▸ **Your task**
Go through the listing below and return each line that includes "terrace".

#### Data under study

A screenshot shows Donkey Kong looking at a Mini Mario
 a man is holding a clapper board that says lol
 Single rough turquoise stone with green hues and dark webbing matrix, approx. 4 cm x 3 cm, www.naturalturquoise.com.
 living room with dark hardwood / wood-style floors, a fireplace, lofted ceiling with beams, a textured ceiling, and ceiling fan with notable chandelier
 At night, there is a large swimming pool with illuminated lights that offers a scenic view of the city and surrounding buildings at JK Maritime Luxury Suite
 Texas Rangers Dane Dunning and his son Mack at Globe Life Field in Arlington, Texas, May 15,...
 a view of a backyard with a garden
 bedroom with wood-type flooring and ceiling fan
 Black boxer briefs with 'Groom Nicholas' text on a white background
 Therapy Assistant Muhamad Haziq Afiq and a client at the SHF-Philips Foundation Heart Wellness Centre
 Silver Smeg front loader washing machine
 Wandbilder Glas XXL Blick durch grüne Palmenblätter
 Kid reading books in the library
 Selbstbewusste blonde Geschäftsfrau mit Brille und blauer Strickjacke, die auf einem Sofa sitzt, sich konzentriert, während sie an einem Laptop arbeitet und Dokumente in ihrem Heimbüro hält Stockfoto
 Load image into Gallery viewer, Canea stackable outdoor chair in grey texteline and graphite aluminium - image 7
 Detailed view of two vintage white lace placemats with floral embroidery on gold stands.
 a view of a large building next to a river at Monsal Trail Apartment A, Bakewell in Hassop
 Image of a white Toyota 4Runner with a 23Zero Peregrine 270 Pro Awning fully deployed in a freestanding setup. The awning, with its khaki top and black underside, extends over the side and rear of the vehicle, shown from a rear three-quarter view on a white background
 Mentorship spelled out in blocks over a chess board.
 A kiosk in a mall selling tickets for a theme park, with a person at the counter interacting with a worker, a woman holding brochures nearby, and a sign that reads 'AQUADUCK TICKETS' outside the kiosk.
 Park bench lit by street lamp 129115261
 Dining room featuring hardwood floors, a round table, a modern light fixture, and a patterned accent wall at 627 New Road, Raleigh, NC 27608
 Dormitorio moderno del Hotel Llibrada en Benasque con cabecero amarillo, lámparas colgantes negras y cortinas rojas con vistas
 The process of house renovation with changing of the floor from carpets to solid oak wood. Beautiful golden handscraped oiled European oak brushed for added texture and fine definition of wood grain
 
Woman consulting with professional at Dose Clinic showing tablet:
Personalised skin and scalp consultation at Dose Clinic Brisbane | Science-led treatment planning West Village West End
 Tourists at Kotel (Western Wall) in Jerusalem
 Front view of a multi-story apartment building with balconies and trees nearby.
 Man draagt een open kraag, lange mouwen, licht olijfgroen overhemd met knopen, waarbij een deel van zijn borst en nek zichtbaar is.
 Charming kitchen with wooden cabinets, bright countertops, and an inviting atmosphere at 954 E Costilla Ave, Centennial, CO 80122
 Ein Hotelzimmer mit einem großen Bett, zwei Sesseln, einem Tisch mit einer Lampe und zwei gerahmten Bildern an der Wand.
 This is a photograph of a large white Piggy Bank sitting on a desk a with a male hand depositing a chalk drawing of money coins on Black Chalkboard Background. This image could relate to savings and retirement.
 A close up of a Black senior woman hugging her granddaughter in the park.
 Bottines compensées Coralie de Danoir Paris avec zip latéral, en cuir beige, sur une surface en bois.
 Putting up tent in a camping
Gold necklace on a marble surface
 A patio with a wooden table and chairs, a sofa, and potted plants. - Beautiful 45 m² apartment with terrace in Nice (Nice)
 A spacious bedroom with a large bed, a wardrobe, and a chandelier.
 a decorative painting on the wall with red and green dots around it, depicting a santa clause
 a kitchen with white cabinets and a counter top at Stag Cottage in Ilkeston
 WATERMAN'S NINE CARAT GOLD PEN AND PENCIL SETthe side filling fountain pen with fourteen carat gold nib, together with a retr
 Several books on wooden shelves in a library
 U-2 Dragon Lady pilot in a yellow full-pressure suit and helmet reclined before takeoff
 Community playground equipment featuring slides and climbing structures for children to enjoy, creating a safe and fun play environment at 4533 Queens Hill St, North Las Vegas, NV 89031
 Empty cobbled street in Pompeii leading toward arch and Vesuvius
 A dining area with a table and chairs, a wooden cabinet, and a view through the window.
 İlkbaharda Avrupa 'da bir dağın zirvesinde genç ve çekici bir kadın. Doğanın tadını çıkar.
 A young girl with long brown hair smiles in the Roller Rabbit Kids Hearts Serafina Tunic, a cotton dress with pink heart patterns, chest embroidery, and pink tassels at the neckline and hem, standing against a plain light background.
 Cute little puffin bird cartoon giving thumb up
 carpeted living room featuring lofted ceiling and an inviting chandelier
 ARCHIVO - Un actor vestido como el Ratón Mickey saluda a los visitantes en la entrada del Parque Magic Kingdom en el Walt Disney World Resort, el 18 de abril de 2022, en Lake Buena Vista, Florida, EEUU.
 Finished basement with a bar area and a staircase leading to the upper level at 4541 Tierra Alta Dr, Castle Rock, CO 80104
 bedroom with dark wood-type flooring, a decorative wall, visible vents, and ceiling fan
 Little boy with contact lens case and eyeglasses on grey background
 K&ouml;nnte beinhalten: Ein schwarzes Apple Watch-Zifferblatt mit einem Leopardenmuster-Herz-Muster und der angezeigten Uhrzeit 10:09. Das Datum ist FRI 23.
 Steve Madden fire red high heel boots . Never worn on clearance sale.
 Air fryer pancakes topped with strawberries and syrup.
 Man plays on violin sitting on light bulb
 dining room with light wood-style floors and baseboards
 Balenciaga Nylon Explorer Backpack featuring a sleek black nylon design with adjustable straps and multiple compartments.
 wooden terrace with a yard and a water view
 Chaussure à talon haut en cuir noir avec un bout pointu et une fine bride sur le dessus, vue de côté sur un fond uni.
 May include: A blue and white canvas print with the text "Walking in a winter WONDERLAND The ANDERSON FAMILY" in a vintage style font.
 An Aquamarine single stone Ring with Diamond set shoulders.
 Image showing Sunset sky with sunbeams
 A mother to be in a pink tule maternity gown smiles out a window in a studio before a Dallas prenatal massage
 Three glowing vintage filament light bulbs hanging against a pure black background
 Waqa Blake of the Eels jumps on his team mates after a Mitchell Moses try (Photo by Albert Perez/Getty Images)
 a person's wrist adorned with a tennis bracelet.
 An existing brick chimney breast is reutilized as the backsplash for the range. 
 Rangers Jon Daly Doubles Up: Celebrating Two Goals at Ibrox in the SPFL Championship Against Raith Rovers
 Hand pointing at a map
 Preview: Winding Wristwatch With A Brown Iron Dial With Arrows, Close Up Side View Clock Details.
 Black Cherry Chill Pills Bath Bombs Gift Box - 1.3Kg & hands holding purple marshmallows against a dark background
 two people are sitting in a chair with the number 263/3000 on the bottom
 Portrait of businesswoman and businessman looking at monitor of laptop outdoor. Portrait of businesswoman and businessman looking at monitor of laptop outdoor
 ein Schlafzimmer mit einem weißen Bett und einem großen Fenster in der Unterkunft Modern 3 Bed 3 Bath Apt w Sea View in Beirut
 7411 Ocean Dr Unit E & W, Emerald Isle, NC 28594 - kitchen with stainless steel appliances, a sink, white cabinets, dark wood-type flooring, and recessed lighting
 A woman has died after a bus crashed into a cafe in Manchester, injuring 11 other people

########

▸ **Answer to the exercise**
 A patio with a wooden table and chairs, a sofa, and potted plants. - Beautiful 45 m² apartment with terrace in Nice (Nice)
 wooden terrace with a yard and a water view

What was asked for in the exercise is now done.